### INFORMATION
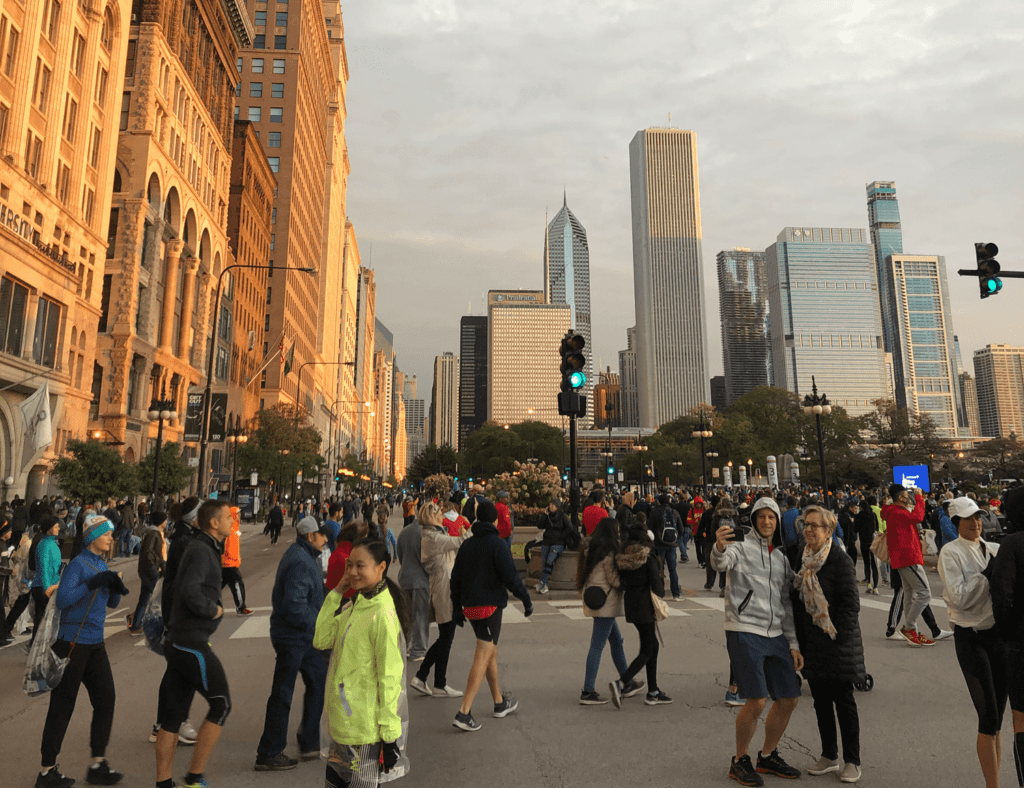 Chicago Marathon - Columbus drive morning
######
### INFORMATION
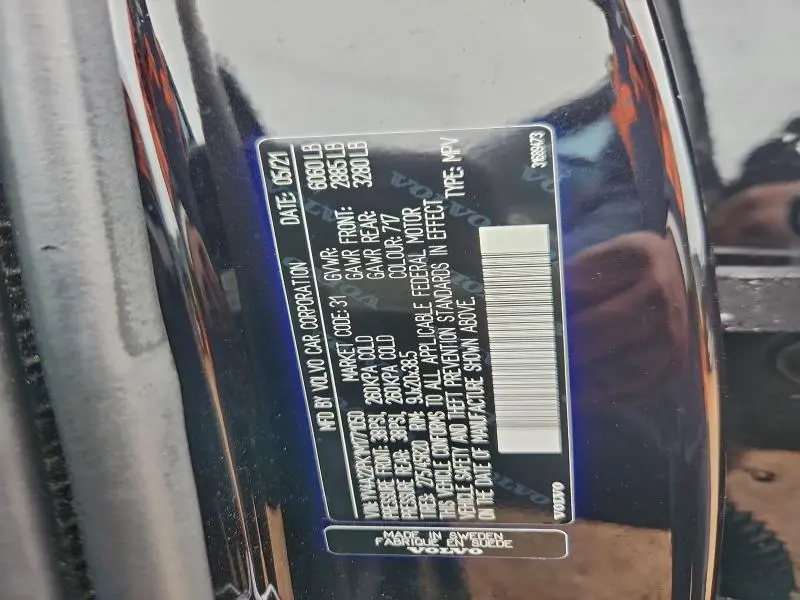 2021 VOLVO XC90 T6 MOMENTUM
######
### INFORMATION
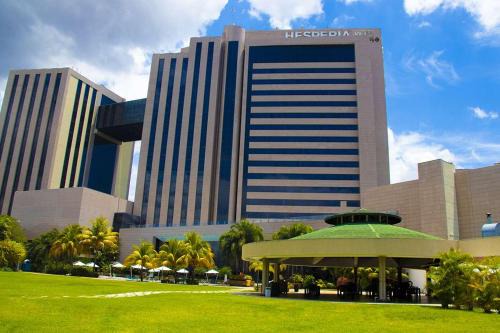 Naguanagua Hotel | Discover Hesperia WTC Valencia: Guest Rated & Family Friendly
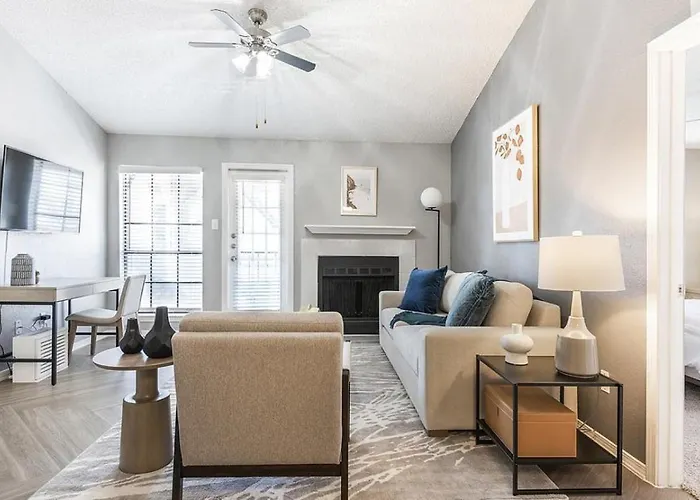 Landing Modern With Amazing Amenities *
######
Only one stretch of the listing above is to be duplicated: the lines from the one containing "Naguanagua Hotel |" through the one containing "Landing Modern With Amazing Amenities *", both included. Copy them exactly, minus the pictures.

 Naguanagua Hotel | Discover Hesperia WTC Valencia: Guest Rated & Family Friendly
 Landing Modern With Amazing Amenities *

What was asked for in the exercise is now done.